►

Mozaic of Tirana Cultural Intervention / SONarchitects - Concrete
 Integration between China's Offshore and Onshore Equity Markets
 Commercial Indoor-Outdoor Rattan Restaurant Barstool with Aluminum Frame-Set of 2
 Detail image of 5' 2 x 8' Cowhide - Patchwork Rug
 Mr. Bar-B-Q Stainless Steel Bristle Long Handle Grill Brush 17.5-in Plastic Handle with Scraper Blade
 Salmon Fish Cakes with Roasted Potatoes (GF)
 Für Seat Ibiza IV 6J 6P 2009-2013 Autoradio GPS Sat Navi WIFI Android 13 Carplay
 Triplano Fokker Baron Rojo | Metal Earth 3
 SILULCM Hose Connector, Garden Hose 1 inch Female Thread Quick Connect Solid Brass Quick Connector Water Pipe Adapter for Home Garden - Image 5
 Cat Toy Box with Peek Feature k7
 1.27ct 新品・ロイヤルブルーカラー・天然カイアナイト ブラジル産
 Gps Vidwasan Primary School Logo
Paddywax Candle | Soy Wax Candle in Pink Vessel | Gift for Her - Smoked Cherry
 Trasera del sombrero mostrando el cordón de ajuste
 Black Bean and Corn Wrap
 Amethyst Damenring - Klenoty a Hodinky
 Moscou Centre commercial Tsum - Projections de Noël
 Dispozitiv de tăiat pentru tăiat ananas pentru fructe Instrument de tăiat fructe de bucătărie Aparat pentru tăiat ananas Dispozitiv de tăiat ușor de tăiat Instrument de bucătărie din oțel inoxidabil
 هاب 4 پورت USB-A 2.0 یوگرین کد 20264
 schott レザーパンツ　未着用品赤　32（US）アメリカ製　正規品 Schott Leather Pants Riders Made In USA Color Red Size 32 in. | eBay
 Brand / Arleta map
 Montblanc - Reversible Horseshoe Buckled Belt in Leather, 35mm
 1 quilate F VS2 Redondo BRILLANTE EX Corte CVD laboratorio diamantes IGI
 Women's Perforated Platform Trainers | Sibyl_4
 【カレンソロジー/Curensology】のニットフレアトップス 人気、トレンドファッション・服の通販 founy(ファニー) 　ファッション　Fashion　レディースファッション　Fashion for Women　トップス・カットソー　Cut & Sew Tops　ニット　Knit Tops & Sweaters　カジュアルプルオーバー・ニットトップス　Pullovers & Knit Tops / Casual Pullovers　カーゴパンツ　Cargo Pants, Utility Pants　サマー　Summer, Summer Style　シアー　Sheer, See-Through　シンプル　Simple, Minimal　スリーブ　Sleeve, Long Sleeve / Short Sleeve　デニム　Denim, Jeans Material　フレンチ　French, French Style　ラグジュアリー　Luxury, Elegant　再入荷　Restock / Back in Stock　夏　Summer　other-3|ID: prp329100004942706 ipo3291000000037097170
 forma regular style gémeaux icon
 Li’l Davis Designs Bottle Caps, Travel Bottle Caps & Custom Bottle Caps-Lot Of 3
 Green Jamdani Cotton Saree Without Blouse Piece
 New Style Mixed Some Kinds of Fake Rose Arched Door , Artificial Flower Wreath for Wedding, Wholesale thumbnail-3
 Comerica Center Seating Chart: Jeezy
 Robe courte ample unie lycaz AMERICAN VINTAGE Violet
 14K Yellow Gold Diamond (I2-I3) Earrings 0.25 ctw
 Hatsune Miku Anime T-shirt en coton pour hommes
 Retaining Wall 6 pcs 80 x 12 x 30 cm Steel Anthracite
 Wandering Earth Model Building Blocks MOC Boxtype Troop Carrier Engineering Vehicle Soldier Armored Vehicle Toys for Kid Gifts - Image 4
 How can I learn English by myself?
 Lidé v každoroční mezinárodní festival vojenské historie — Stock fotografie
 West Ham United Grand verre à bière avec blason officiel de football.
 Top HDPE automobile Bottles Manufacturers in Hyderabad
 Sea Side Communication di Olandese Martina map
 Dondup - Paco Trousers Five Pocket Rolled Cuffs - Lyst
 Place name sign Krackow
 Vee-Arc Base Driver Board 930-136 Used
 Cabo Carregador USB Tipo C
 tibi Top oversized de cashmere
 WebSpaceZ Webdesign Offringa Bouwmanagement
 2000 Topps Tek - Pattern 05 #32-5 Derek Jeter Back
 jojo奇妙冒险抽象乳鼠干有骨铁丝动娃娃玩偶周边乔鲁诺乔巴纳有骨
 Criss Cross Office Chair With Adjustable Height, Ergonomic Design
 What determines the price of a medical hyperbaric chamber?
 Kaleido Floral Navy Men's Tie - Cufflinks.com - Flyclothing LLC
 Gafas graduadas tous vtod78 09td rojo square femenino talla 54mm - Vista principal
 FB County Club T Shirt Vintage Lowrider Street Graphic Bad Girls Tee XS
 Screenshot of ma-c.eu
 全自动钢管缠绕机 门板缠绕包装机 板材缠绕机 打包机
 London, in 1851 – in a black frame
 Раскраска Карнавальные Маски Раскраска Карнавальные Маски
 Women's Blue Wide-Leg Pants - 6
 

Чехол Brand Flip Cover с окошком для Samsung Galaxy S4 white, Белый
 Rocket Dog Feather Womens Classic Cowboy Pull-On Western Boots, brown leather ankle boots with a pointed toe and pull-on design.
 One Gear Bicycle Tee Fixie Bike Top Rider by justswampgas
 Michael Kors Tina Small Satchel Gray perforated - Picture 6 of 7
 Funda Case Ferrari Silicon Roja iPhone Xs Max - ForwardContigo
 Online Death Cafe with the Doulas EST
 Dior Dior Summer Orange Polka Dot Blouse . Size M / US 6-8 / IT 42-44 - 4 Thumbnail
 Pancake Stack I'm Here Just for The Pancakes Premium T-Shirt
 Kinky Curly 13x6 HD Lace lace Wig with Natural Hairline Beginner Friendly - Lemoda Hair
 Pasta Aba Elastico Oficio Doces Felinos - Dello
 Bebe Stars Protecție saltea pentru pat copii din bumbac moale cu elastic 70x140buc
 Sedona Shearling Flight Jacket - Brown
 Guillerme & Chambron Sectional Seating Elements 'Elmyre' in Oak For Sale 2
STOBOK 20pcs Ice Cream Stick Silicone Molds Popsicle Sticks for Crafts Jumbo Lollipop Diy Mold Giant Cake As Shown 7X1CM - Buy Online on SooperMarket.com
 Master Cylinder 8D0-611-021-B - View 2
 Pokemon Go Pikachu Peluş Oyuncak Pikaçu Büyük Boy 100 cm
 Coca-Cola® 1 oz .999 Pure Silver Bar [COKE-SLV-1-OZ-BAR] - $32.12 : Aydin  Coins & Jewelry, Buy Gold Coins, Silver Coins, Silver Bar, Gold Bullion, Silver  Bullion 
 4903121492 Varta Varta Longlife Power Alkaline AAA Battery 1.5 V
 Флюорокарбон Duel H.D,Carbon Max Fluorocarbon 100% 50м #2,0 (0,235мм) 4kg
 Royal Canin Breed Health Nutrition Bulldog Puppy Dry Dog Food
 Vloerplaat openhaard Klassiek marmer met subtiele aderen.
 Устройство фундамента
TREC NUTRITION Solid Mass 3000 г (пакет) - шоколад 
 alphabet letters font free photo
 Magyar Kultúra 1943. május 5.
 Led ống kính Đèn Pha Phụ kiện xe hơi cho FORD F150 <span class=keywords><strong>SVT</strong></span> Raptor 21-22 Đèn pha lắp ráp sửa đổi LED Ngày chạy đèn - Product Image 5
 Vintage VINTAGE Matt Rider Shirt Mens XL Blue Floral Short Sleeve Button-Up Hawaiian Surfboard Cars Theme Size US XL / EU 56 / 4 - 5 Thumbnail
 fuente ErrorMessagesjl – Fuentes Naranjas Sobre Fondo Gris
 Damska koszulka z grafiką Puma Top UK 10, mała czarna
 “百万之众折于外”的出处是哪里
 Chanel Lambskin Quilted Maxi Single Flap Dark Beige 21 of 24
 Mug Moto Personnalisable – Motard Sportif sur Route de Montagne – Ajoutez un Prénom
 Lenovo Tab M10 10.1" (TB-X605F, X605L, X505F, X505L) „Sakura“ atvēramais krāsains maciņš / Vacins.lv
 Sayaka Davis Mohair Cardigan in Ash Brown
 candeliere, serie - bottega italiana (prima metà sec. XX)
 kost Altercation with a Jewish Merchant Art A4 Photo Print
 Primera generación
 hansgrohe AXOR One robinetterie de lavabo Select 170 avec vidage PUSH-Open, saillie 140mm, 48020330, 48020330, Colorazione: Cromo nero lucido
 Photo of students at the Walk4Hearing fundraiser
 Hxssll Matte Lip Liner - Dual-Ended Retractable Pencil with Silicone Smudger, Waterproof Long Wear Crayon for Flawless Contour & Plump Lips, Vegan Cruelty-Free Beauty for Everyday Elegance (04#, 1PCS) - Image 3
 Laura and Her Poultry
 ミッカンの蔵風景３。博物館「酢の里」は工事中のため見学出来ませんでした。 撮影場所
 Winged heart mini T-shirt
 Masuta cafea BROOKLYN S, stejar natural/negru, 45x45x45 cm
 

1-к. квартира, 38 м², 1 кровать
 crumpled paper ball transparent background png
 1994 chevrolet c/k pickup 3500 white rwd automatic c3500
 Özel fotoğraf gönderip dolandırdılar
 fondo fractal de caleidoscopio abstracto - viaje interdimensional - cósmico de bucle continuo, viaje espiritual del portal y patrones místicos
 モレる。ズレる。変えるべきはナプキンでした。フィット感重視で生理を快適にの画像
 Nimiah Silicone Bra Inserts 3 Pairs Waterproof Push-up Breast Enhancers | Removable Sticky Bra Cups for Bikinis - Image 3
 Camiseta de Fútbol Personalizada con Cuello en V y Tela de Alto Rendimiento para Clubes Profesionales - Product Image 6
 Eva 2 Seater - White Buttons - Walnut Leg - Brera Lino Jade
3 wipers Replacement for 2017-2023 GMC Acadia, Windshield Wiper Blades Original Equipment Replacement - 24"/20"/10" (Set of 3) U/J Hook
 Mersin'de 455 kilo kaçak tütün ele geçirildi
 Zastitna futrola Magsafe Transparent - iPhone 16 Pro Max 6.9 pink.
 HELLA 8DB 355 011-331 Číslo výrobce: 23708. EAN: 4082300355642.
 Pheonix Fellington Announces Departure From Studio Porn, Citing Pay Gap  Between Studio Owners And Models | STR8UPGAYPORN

◄

**Aim of the task**
Write out exactly the lines that fall from the line with "Mug Moto Personnalisable" to the line with "Primera generación" in the records above, keeping both ends.

**Expected answer**
 Mug Moto Personnalisable – Motard Sportif sur Route de Montagne – Ajoutez un Prénom
 Lenovo Tab M10 10.1" (TB-X605F, X605L, X505F, X505L) „Sakura“ atvēramais krāsains maciņš / Vacins.lv
 Sayaka Davis Mohair Cardigan in Ash Brown
 candeliere, serie - bottega italiana (prima metà sec. XX)
 kost Altercation with a Jewish Merchant Art A4 Photo Print
 Primera generación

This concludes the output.